Well first things first I guess lets talk about what sort of computer(s) I will be using to learn python. I will be using two different computers for the most part, with the chance of their being a third in their at some point.
Both computers are running Linux, one running ubuntu and the other (my Xbox) running Xebian. One thing you’ll notice is that both distributions that I use are Debian based, this is simply because I’m a big fan of apt-get as a package management solution.
Neither of they computers are all that new or all that quick, but I think that they’ll get the job done.
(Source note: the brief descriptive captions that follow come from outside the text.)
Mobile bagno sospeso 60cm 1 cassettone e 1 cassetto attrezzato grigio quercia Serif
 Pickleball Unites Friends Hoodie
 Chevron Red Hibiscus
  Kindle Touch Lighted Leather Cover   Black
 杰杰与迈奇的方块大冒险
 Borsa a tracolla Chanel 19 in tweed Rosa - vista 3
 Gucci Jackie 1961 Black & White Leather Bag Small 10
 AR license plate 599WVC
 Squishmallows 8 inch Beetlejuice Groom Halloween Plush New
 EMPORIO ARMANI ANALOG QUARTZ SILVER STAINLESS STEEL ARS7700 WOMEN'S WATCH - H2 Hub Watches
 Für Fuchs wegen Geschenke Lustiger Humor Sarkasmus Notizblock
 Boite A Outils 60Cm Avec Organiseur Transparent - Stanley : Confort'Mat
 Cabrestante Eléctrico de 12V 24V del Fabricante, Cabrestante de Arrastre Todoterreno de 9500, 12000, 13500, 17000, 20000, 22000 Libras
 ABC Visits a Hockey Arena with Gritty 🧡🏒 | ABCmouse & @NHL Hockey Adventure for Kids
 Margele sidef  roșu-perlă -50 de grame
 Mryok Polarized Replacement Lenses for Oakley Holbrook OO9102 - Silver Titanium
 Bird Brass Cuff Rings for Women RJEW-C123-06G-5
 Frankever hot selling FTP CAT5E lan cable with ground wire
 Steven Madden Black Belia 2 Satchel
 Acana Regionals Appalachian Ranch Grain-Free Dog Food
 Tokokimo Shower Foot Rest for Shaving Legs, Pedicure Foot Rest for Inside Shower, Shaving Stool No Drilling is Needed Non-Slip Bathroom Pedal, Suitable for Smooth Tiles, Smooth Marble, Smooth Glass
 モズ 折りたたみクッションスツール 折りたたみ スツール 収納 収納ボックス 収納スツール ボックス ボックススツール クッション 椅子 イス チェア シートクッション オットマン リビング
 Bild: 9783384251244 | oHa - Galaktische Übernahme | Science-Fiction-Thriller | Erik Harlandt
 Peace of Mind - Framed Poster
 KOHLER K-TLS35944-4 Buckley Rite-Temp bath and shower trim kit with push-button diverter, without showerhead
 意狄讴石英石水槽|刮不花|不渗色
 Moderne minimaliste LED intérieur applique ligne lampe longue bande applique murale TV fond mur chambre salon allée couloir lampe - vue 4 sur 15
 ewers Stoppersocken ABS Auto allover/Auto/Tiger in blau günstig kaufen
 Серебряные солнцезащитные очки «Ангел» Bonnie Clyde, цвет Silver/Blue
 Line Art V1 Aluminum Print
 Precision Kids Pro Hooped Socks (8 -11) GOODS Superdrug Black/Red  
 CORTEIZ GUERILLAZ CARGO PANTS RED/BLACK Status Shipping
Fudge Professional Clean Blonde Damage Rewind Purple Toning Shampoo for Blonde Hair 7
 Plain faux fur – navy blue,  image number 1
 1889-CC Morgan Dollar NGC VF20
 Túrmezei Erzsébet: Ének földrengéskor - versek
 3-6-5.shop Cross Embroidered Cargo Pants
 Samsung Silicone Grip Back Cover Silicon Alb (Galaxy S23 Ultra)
To start off I’ve been reading a python tutorial, it’s pretty good and it giving me a good introduction. The first thing I did was file up the python interpreter by starting a terminal and typing:
Note: The $ represents the start of the command prompt, so I only typed the word ‘python’.
Here’s a quick tip about the python interpreter, if you want to quit try CTRL+Z or CTRL+d. I swear it took me forever to figure out how to exit the interpreter.
Here’s the first little bit of python that I typed into the interpreter:
>>> mark = 5
>>> if mark < 10: ... print 'less!' ...
And the result:
For those of you unfamiliar with the python interpreter when it is in “interactive mode” it will basically interpret whatever you type as you type it. So the first line I typed:
>>> mark = 5
Assigns the value 5 to the variable mark, not that difficult if you’ve ever programmed before. You’ll also notice the >>> that start the line those this is referred to as the primary prompt, and basically means that this current line is not reliant on any previous line.
You can see the difference in the next two lines:
>>> if mark < 10: ... print 'less!'
Which basically means if the variable mark is less then the value 10, print out 'less!' Since the if statement needs more lines of code before the if block is done, the next line starts with '...' which means that it's a continuation line.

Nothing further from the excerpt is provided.